Postseason tournament

The 1970 NBA playoffs was the postseason tournament of the National Basketball Association's 1969–70 season. The tournament concluded with the Eastern Division champion New York Knicks defeating the Western Division champion Los Angeles Lakers 4 games to 3 in the NBA Finals. Willis Reed was named NBA Finals MVP.

It was the first NBA title for the Knicks in franchise history, and was their first appearance in the finals since losing their third straight finals in 1953 to the Lakers while they were still in Minneapolis, Minnesota.

For the Lakers, it was their third straight Western Division title and second straight year they lost in Game 7 of the NBA finals. The Lakers dropped their eighth straight NBA finals series (the previous 7 to the Boston Celtics) and were denied their first NBA title since 1954.

It was also the playoff debut of both the second-year Milwaukee Bucks and Phoenix Suns, with the former managing a first-round defeat of the Philadelphia 76ers.

Boston missed the playoffs for the first time since 1951, despite being the defending champions.

==Division Semifinals==

===Eastern Division Semifinals===

====(1) New York Knicks vs. (3) Baltimore Bullets====

This was the second playoff meeting between these two teams, with the Knicks winning the first meeting.

Previous playoff series
New York leads 1–0 in all-time playoff series
| 1969 |
| Baltimore Bullets 0, New York Knicks 4 |
| 1969 Eastern Division Semifinals |

====(2) Milwaukee Bucks vs. (4) Philadelphia 76ers====

This was the first playoff meeting between these two teams.

===Western Division Semifinals===

====(1) Atlanta Hawks vs. (3) Chicago Bulls====

This was the second playoff meeting between these two teams, with the Hawks winning the first meeting while based in St. Louis.

Previous playoff series
Atlanta/ St. Louis leads 1–0 in all-time playoff series
| 1967 |
| St. Louis Hawks 3, Chicago Bulls 0 |
| 1967 Western Division Semifinals |

====(2) Los Angeles Lakers vs. (4) Phoenix Suns====

- The Lakers become the second team to come back from a 3–1 series deficit.

This was the first playoff meeting between these two teams.

==Division Finals==

===Eastern Division Finals===

====(1) New York Knicks vs. (2) Milwaukee Bucks====

- Guy Rodgers' final NBA game.

This was the first playoff meeting between these two teams.
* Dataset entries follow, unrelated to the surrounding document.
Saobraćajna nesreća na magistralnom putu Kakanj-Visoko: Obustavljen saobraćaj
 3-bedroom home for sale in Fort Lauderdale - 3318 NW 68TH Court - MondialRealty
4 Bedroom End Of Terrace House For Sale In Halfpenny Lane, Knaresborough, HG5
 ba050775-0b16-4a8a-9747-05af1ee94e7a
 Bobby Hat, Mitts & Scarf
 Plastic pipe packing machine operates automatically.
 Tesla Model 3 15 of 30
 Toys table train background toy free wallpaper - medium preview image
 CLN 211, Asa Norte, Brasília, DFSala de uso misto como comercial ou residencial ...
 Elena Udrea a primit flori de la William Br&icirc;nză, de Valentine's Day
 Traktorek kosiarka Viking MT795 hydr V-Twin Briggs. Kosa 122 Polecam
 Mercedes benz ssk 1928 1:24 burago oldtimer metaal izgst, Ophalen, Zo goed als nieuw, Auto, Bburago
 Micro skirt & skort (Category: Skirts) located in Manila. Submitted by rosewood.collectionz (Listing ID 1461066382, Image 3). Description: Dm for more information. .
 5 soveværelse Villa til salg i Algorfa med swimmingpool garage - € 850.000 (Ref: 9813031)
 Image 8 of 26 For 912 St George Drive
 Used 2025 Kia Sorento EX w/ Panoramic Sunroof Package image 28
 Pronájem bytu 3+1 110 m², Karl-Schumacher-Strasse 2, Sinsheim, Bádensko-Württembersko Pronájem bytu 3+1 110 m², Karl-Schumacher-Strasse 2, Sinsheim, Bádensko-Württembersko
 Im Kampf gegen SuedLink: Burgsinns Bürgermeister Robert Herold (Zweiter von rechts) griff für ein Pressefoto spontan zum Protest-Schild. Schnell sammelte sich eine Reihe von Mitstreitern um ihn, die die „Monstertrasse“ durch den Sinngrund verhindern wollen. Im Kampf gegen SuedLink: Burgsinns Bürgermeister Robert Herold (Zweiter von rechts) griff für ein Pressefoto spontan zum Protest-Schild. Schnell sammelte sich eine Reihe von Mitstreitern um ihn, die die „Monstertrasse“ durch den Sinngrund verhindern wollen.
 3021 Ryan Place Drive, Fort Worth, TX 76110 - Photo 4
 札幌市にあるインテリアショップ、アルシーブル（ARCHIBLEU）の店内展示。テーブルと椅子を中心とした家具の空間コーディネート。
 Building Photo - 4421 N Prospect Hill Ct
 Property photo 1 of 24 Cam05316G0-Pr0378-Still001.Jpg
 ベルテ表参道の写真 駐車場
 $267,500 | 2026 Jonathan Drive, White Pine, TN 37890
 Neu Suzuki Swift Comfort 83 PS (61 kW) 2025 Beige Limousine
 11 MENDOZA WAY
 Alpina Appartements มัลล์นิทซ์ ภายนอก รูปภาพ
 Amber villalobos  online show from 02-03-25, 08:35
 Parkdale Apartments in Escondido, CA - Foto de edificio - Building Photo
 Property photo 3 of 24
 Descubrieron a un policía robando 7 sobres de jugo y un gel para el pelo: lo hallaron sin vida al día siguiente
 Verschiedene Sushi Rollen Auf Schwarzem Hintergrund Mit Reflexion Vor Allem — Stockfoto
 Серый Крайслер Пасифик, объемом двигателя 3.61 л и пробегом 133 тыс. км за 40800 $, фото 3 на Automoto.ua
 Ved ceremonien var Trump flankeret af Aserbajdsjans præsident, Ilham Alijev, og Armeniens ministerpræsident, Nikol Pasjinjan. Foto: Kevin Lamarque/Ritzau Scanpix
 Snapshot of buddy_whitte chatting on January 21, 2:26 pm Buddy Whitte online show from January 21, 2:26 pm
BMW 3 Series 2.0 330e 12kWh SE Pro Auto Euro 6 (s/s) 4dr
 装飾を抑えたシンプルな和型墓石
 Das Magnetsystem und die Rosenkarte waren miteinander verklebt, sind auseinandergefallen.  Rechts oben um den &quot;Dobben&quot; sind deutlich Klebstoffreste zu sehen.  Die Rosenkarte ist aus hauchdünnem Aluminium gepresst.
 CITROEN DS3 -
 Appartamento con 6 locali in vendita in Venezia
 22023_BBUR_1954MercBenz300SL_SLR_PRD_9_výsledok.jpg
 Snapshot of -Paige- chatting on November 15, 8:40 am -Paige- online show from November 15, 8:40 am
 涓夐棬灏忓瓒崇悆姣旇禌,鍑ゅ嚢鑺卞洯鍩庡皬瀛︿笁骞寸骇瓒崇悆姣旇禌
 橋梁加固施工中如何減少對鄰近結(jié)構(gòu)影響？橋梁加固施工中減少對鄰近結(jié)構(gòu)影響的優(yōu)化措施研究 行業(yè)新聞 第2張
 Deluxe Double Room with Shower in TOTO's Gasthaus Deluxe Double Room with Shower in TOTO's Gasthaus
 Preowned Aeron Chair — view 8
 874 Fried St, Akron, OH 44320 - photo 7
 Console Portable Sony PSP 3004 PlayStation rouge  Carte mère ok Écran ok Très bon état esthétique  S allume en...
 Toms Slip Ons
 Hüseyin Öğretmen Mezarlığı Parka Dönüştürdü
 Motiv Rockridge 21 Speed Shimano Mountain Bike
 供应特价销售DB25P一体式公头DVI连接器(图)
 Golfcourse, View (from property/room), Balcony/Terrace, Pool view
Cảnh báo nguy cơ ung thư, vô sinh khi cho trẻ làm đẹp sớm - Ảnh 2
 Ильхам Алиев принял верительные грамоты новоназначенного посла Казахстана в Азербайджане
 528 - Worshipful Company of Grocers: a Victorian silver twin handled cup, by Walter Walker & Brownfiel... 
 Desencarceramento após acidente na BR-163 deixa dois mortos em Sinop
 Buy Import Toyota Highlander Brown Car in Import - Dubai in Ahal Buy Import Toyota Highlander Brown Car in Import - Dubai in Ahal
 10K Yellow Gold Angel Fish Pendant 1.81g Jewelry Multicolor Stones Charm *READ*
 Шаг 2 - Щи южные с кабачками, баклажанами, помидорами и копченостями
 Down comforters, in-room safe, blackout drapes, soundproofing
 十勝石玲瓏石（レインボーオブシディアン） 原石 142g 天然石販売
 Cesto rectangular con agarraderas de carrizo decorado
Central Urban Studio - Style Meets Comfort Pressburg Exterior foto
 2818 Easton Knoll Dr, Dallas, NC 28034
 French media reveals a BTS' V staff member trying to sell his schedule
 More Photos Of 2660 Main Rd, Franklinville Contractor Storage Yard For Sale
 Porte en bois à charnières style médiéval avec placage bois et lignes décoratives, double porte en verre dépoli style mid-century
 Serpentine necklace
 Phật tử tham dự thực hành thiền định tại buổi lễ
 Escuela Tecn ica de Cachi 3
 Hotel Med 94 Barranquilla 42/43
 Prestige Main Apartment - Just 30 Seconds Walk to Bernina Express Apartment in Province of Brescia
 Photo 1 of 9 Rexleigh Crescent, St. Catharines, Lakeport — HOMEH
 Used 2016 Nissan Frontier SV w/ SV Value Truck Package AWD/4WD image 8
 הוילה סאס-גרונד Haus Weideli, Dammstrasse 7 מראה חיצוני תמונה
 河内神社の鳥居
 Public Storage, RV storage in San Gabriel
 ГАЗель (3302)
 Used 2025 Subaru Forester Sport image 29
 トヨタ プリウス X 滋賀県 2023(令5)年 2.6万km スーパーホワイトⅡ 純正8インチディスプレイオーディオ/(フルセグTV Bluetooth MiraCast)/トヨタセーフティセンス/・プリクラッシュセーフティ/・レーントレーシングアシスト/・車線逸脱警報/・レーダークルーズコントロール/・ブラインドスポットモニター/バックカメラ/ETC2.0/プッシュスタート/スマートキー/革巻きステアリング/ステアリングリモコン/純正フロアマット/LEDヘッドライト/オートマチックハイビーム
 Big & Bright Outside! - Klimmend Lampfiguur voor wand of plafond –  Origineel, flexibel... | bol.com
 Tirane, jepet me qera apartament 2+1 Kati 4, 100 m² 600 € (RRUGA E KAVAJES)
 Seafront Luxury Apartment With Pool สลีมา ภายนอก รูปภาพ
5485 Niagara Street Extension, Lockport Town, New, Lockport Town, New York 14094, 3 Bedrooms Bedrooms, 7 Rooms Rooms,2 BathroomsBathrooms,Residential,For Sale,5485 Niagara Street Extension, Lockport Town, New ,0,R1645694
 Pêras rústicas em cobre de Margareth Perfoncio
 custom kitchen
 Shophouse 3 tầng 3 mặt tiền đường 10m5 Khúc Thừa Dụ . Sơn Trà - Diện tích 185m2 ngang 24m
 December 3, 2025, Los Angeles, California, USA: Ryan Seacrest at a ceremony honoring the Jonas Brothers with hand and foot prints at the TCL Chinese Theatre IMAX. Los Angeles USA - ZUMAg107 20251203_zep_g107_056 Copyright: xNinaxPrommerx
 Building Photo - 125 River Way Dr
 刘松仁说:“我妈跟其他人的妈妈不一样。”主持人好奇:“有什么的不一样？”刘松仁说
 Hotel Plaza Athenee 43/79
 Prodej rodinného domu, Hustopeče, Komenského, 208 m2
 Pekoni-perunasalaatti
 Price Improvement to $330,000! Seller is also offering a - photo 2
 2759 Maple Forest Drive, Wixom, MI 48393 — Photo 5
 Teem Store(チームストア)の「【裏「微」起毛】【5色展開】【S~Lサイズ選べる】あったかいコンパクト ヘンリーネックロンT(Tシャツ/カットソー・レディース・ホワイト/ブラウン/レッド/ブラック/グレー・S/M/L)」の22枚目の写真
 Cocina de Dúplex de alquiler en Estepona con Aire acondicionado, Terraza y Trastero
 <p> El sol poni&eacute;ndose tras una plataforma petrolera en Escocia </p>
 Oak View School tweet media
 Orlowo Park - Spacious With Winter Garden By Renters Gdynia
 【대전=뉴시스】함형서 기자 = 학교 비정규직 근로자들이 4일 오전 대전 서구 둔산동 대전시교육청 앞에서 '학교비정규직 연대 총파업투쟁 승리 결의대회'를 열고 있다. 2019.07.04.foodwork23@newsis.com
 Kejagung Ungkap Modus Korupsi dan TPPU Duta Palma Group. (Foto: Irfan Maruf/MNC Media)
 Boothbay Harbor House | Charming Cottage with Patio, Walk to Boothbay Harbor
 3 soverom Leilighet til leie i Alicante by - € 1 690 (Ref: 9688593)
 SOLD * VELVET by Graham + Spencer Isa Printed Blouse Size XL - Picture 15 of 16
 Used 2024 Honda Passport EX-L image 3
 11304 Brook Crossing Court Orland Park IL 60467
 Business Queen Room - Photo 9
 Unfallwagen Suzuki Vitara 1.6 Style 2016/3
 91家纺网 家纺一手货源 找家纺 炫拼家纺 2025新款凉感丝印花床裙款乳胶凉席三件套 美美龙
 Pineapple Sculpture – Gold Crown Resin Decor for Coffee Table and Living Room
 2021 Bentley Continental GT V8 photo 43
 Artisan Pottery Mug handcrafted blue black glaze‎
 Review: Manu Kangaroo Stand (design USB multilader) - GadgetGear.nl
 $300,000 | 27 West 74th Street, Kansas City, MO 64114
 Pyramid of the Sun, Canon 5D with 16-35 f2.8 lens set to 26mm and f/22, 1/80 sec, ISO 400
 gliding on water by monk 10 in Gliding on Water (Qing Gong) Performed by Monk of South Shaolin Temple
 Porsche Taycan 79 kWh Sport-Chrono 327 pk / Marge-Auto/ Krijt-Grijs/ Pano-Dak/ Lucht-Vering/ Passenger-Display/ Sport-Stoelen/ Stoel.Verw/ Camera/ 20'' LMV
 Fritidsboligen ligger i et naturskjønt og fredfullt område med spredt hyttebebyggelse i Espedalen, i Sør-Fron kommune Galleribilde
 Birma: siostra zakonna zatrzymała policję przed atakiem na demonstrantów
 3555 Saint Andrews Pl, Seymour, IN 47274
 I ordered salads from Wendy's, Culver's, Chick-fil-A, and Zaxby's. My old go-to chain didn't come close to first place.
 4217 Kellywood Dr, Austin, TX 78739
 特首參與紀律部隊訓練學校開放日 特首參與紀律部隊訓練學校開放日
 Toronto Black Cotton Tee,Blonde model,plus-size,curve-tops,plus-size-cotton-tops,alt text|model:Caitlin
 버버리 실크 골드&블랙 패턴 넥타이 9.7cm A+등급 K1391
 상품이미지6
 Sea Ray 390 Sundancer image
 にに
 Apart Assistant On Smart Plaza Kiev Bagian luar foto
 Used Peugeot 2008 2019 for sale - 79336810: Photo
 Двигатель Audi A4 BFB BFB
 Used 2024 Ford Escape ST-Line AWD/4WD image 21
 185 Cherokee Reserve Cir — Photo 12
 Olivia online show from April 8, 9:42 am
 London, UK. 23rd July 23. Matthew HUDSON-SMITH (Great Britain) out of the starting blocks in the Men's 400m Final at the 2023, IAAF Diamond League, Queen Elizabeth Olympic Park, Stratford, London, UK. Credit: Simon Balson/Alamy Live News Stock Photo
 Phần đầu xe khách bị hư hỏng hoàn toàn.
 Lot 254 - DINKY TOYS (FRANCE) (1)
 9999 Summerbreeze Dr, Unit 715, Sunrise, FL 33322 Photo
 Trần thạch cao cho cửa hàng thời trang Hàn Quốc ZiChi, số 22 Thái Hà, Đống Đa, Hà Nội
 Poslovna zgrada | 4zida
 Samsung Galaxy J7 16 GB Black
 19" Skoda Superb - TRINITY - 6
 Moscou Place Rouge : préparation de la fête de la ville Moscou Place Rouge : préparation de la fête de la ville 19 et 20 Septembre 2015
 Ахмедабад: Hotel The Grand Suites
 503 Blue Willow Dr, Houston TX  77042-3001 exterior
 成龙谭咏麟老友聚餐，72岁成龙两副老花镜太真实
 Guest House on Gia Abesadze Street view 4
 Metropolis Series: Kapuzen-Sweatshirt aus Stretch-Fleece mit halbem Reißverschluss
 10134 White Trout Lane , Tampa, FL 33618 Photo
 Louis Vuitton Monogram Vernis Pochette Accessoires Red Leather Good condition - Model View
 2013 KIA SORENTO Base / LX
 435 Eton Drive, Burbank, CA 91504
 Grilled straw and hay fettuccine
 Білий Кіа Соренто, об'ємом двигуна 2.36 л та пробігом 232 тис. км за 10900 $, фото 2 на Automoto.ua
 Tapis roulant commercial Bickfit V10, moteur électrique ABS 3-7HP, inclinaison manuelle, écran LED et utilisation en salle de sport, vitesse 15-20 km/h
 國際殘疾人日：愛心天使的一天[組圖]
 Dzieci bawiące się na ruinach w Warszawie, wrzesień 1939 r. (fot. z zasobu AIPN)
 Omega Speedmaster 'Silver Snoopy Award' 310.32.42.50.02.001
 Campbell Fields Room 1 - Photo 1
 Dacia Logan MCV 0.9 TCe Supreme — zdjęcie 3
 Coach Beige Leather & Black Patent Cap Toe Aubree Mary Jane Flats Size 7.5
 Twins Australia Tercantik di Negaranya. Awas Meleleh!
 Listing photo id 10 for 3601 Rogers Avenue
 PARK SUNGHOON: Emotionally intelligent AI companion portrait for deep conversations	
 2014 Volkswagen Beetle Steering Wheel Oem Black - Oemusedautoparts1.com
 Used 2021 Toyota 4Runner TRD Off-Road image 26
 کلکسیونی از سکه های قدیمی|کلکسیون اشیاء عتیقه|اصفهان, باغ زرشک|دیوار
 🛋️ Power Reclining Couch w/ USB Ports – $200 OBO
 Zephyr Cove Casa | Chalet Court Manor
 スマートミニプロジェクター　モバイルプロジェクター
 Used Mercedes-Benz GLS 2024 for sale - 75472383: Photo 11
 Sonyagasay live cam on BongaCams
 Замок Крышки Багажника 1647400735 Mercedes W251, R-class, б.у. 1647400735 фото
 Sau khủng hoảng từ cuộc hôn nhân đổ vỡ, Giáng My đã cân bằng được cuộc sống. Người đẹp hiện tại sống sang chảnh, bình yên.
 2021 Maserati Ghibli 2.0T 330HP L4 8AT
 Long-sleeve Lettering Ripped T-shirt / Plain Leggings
===Western Division Finals===

====(1) Atlanta Hawks vs. (2) Los Angeles Lakers====

- Wilt Chamberlain makes the winning free throws in overtime with Jerry West on the bench with six fouls.

This was the 10th playoff meeting between these two teams, with the Hawks winning five of the first nine meetings.

Previous playoff series
Atlanta leads 5–4 in all-time playoff series
| 1956 |
| St. Louis Hawks 2, Minneapolis Lakers 1 |
| 1956 Western Division Semifinals |
| 1957 |
| St. Louis Hawks 3, Minneapolis Lakers 0 |
| 1957 Western Division Finals |
| 1959 |
| St. Louis Hawks 2, Minneapolis Lakers 4 |
| 1959 Western Division Finals |
| 1960 |
| St. Louis Hawks 4, Minneapolis Lakers 3 |
| 1960 Western Division Finals |
| 1961 |
| St. Louis Hawks 4, Los Angeles Lakers 3 |
| 1961 Western Division Finals |
| 1963 |
| St. Louis Hawks 3, Los Angeles Lakers 4 |
| 1963 Western Division Finals |
| 1964 |
| St. Louis Hawks 3, Los Angeles Lakers 2 |
| 1964 Western Division Semifinals |
| 1966 |
| St. Louis Hawks 3, Los Angeles Lakers 4 |
| 1966 Western Division Finals |
| 1969 |
| Atlanta Hawks 1, Los Angeles Lakers 4 |
| 1969 Western Division Finals |

==NBA Finals: (E1) New York Knicks vs. (W2) Los Angeles Lakers==

- Jerry West (who suffered a jammed thumb in the first half) hit a desperation buzzer-beating 60-foot shot to tie it at 102 and force overtime. The Knicks pulled ahead in overtime for good when Willis Reed shot a free throw and Dick Barnett made a field goal to close the scoring. Bandaged hand and all, West later stated that the Lakers would beat the Knicks in the next game.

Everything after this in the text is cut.